Monday, August 29, 2011

How to hack Scribd to download documents for free

How to download documents for free
I was looking at an online document that SOMEONE ELSE UPLOADED and it was very helpful, so I wanted to download it. Scribd however, wanted to charge a daily fee of around $5 dollars to download the content, when it clearly says someone uploaded it.

Here was the document that I wanted: http://www.scribd.com/doc/90924585/The-Dark-Monk-Excerpt-by-Oliver-Potzsch
For Public ID's(2012):

*document ID* = 90924585

http://www.scribd.com/mobile/documents/*document ID*/
or
http://www.scribd.com/mobile/documents/*document ID*/download

Insert the number id in the here ^
Sometimes using the first download link is better because it creates a download button. It should should show a download link.

Update(2/18/12): For Private ID's:

Example URLs:
http://www.scribd.com/doc/39976170/Anthro-2B-Midterm-Study-Guide http://www.scribd.com/doc/33840335

Right-click > View Page Source > Save as to a document on your computer *Make sure you do this to get the entire "Generated Source" (I used Mozilla FireFox)
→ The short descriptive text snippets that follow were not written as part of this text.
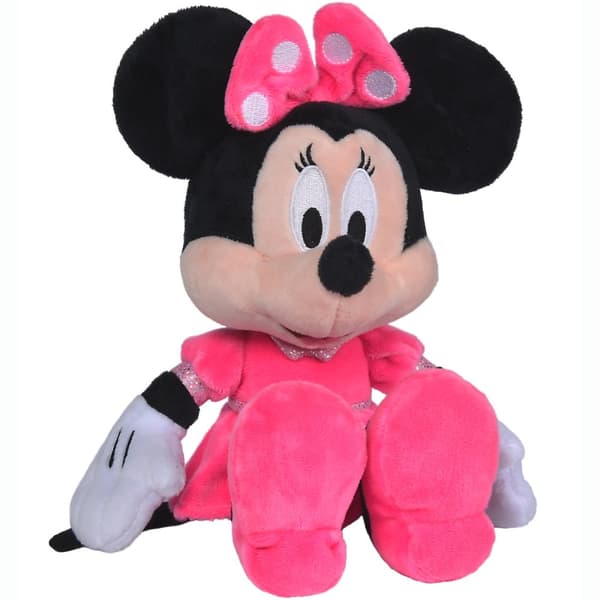 Disney Minnie Mouse kosedyr (25 cm)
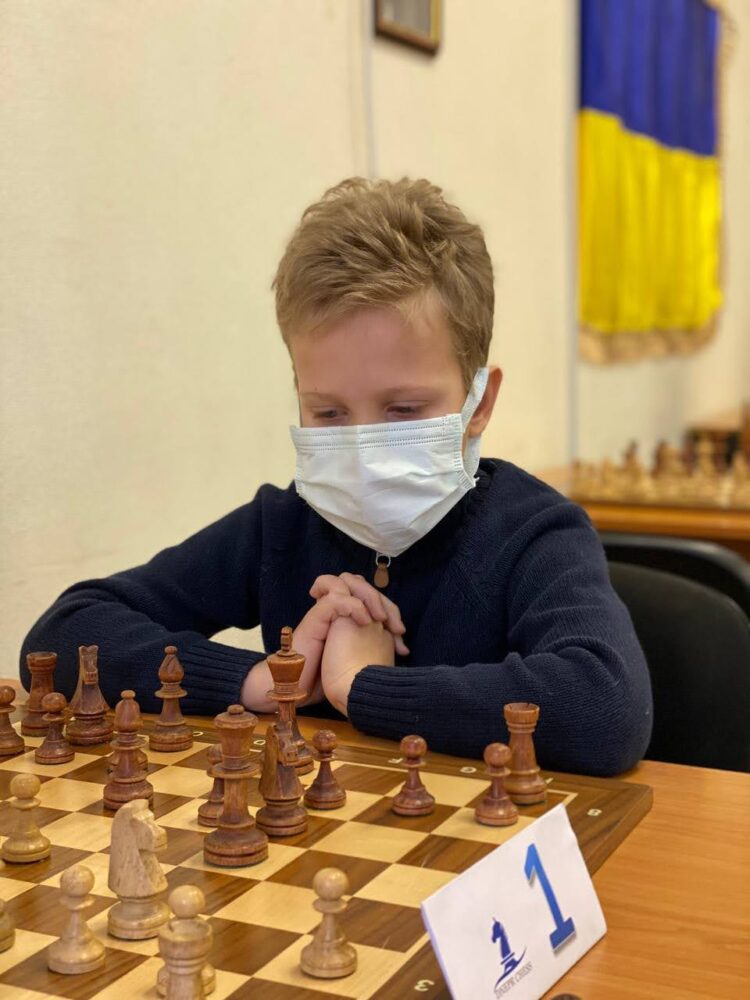 Кваліфтурніри з нормами 3 та 4 розрядів, 06.12-09.12.2021 – Підсумки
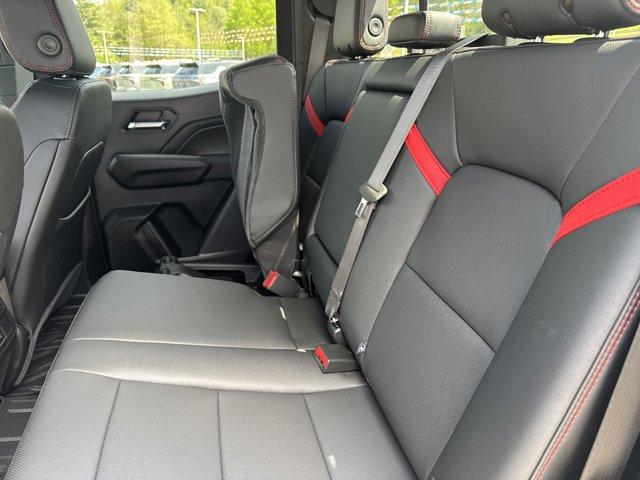 new 2025 Chevrolet Colorado car, priced at $47,474
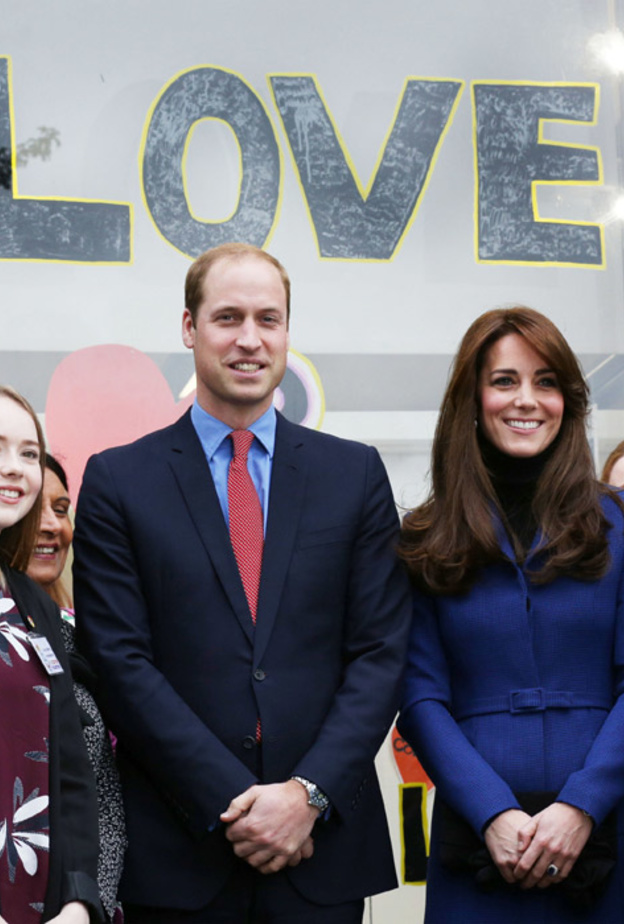 وليام وكيت يتحديان الاضطهاد على مواقع التواصل الاجتماعي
I saved this as "doc.html" Open the file "doc.html" > Search for "page.u" You should see something like "// page.uuid : 3kw800775slntll"
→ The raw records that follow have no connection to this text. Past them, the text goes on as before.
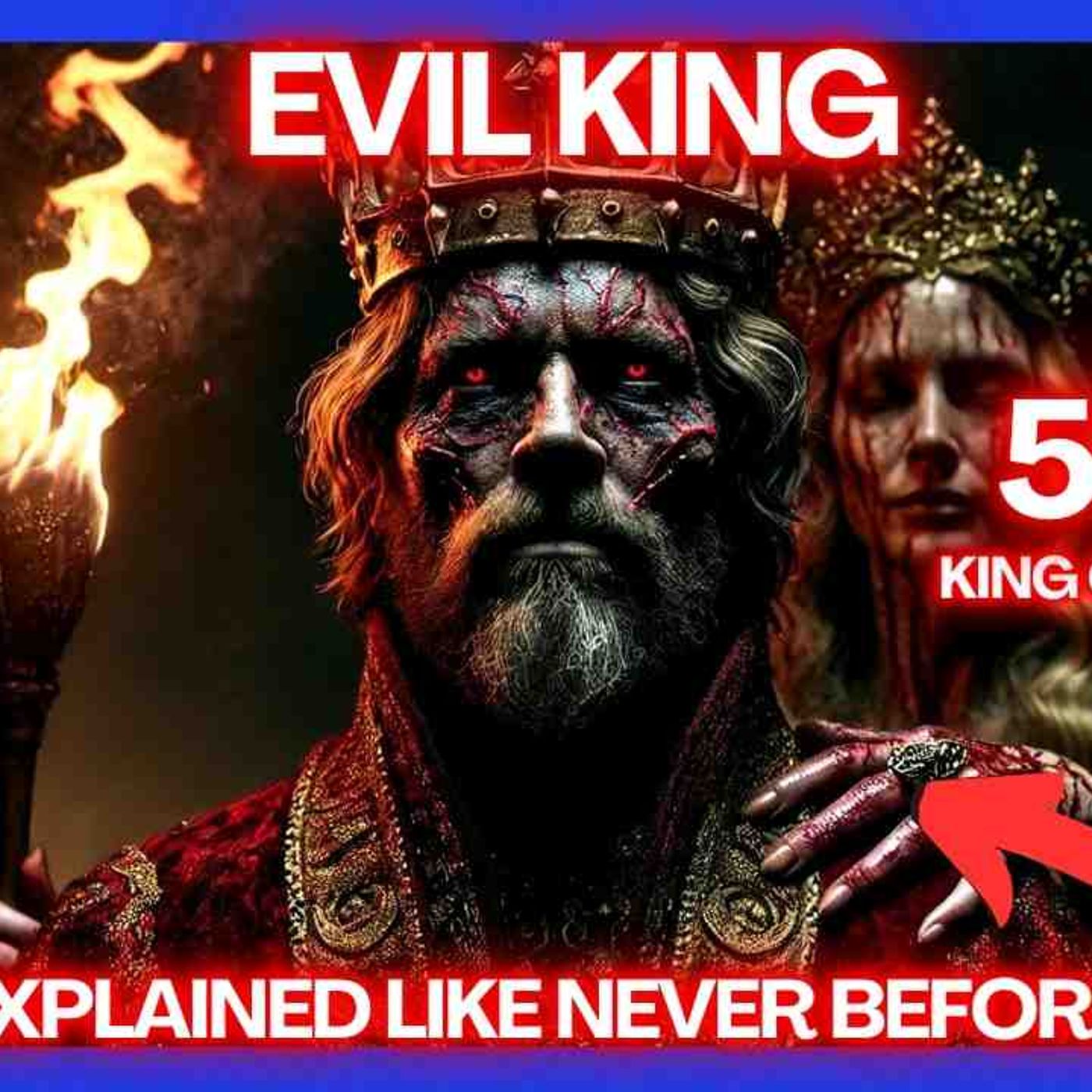 The Rise and Fall of Kings Throughout History
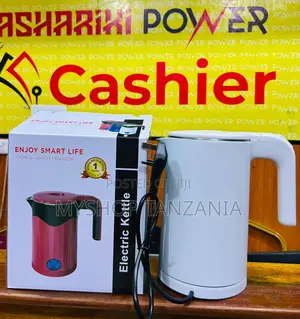 Zarathx Kettle 1.8l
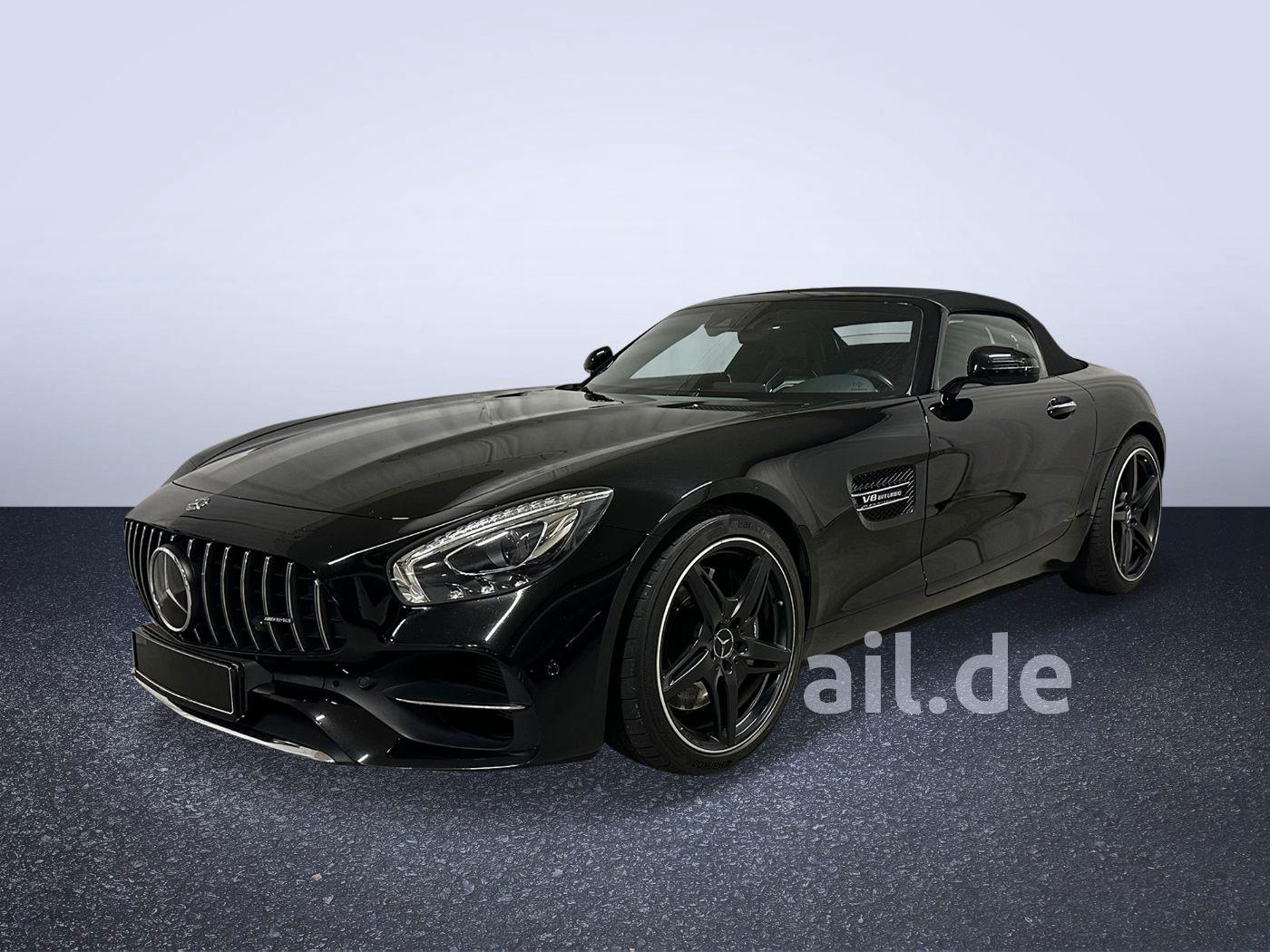 Mercedes-Benz AMG GT C LED Navi Sportausp. Kam. KlimaA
page.uuid = "3kw800775slntll"

Now search for the page.uuid or "3kw800775slntll" and you should see something like: "http://html2.scribdassets.com/3kw800775slntll/pages/542-d2422da938.jsonp"
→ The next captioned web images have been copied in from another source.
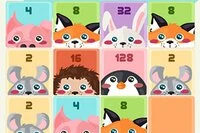 2048 Cuteness Edition este un joc de îndemânare HTML5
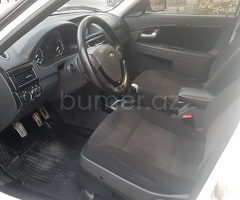 LADA (VAZ) Priora 2015 Benzin 106 Hetçbek 170000 km Mexanika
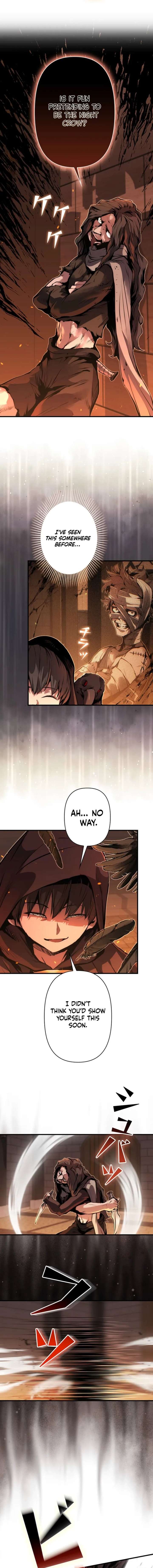Becoming a Cheat-Level Skill Thief Chapter 19 page 7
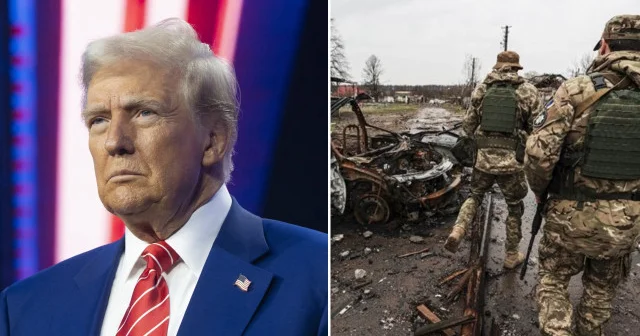 Trump ın Pentagon un Ukrayna ya silah sevkiyatını durdurma kararından habersiz olduğu belirtildi Dünya Haberleri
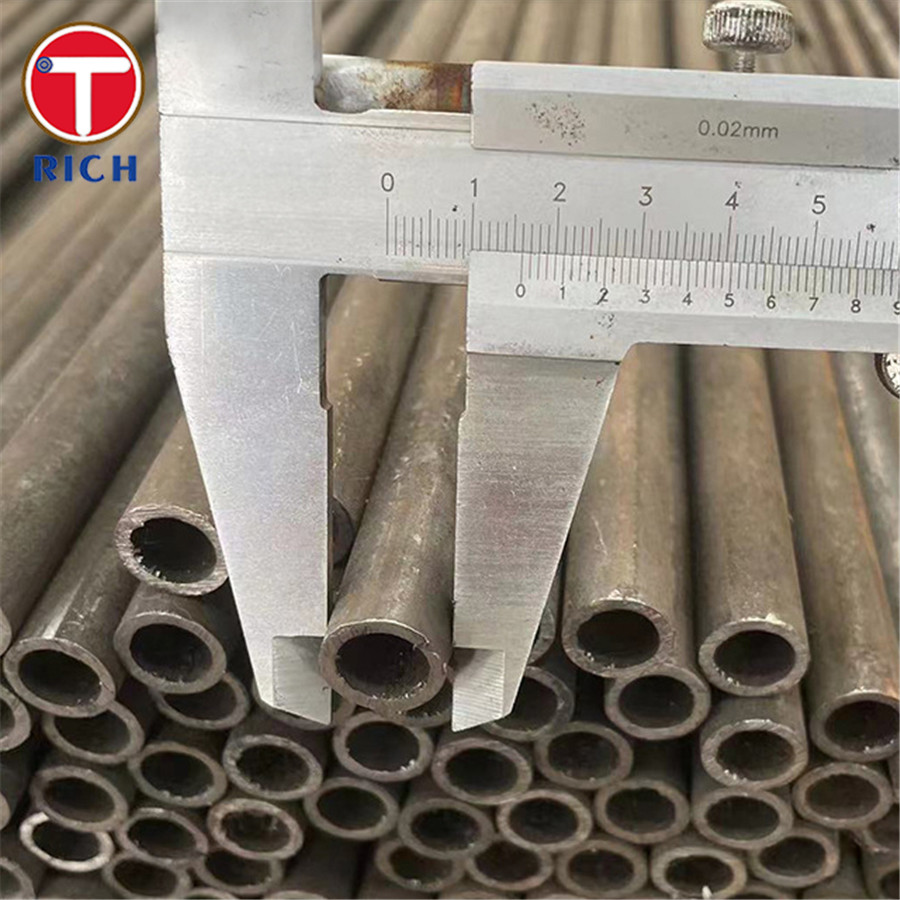 EN 10297-1 Cold Drawn Seamless Steel Tube For Mechanical And General Engineering Purposes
The URL can range from "html1.scribdassets.com" to "html4.scribdassets.com".

Here is a simple Linux Bash Script to download the images:
Make SURE you change the *page.uuid* to your page.uuid.

cat "doc.html" | grep pages | cut -d"/" -f6 | cut -d. -f1 | grep -vi scrib | while read ID; do wget "http://htmlimg1.scribdassets.com/*page.uuid*/images/$ID.jpg"; done;

However, once you find the page.uuid, you can substitute it in the URL. "http://htmlimg1.scribdassets.com/*page.uuid*/images/$ID.jpg"

Update(2/25/12): For Protect(Preview) ID's:

When there are previews on Scribd, they are trying to selling a document and other allow users to few select pages. Downloading these would be illegal and the script above only downloads the images of the "protected" documents.